Exercise prompt:
As written and without pictures, set down the lines from the one that contains "Outsunny Chapéu de" through the end of the data.
━━━━━━━━
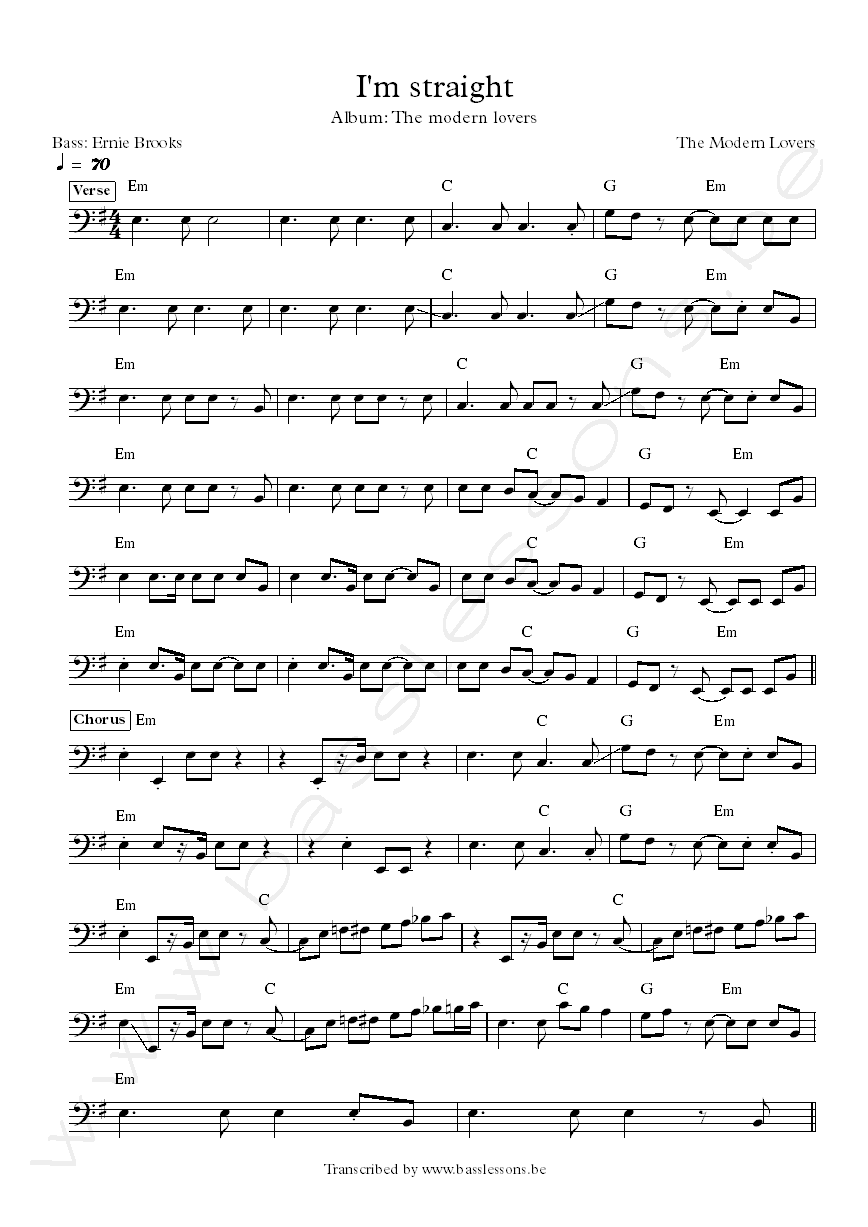 The modern lovers im straight bass transcription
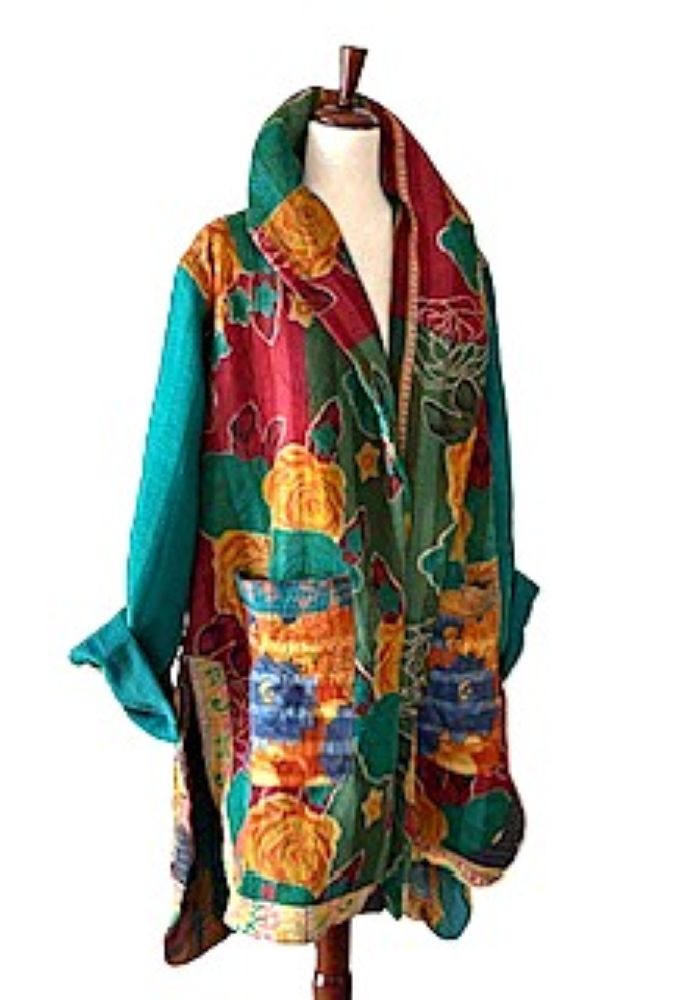 Coat,  Kantha Bae Fine Drifter Is Comfortable and Warm (Teal)
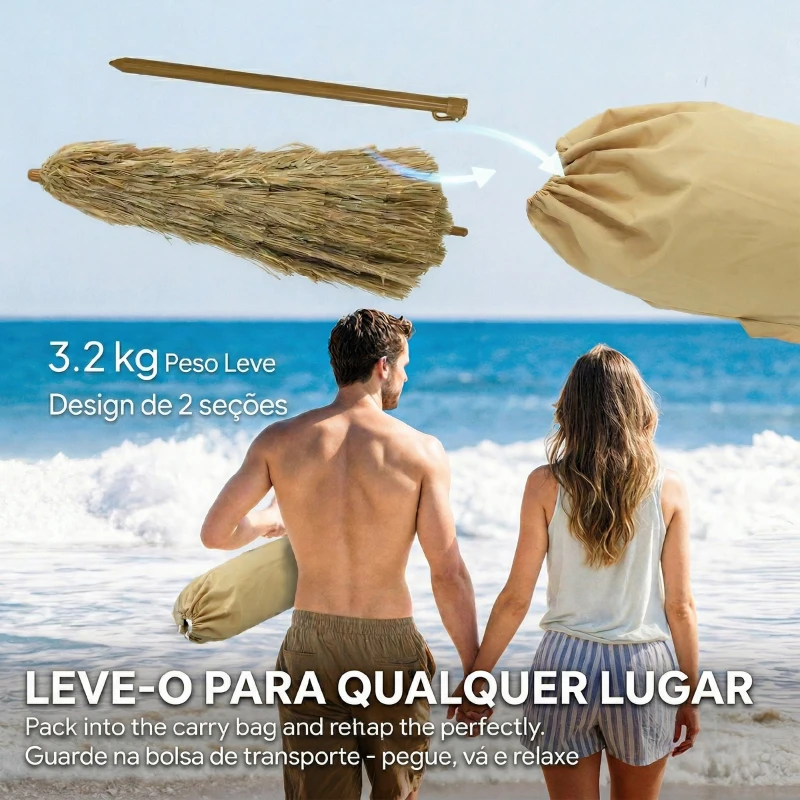 Outsunny Chapéu de Sol de Praia com Franjas de Palha Ø178 cm com Inclinação Altura Ajustável UV50+ Bolsa de Transporte Castanho Claro
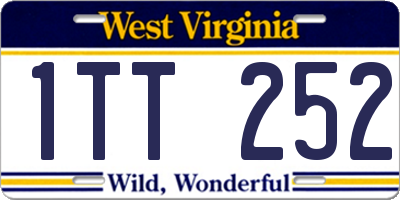 WV license plate 1TT252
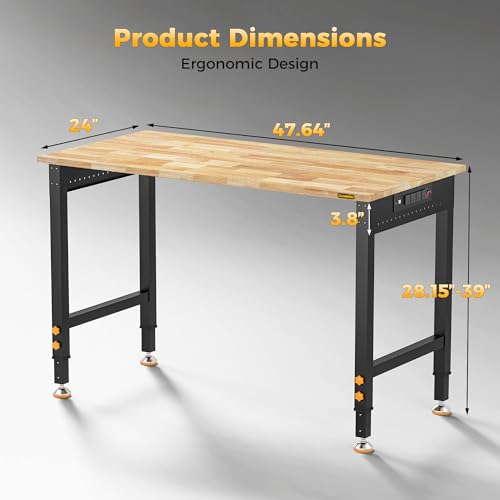 Image of CAMMOO 48 inch Adjustable Workbench, 2000 LBS Capacity, Pegboard & Power Strip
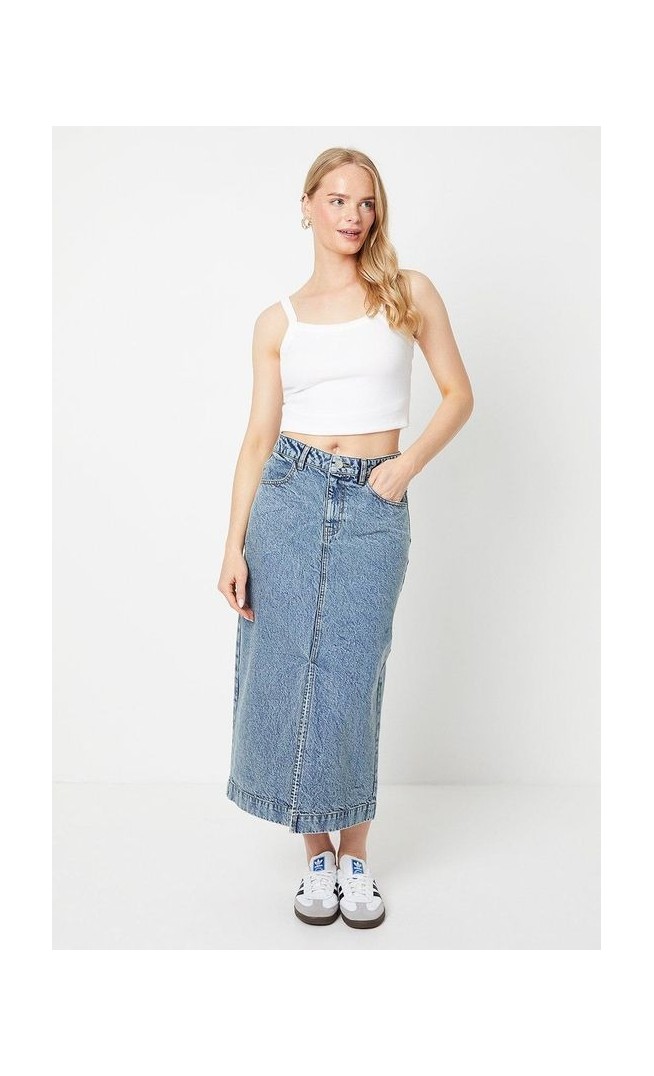 Pocket Detail Denim Midi Skirt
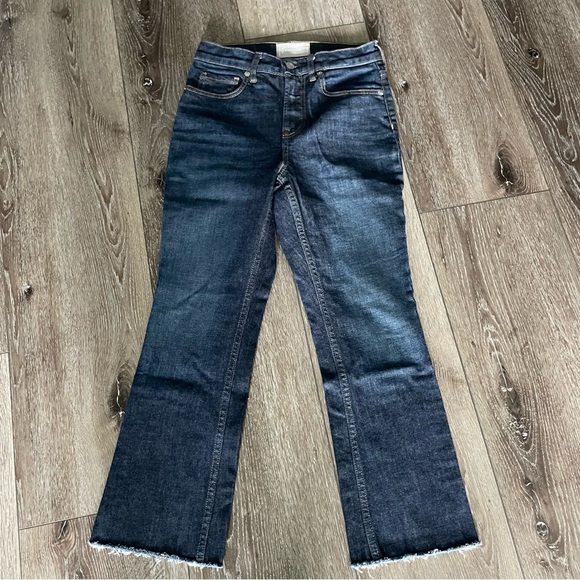 Everlane High Rise Kick Crop Raw Hem Jeans Size 25 - Picture 3 of 9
━━━━━━━━
Result of the task:
 Outsunny Chapéu de Sol de Praia com Franjas de Palha Ø178 cm com Inclinação Altura Ajustável UV50+ Bolsa de Transporte Castanho Claro
 WV license plate 1TT252
 Image of CAMMOO 48 inch Adjustable Workbench, 2000 LBS Capacity, Pegboard & Power Strip
 Pocket Detail Denim Midi Skirt
 Everlane High Rise Kick Crop Raw Hem Jeans Size 25 - Picture 3 of 9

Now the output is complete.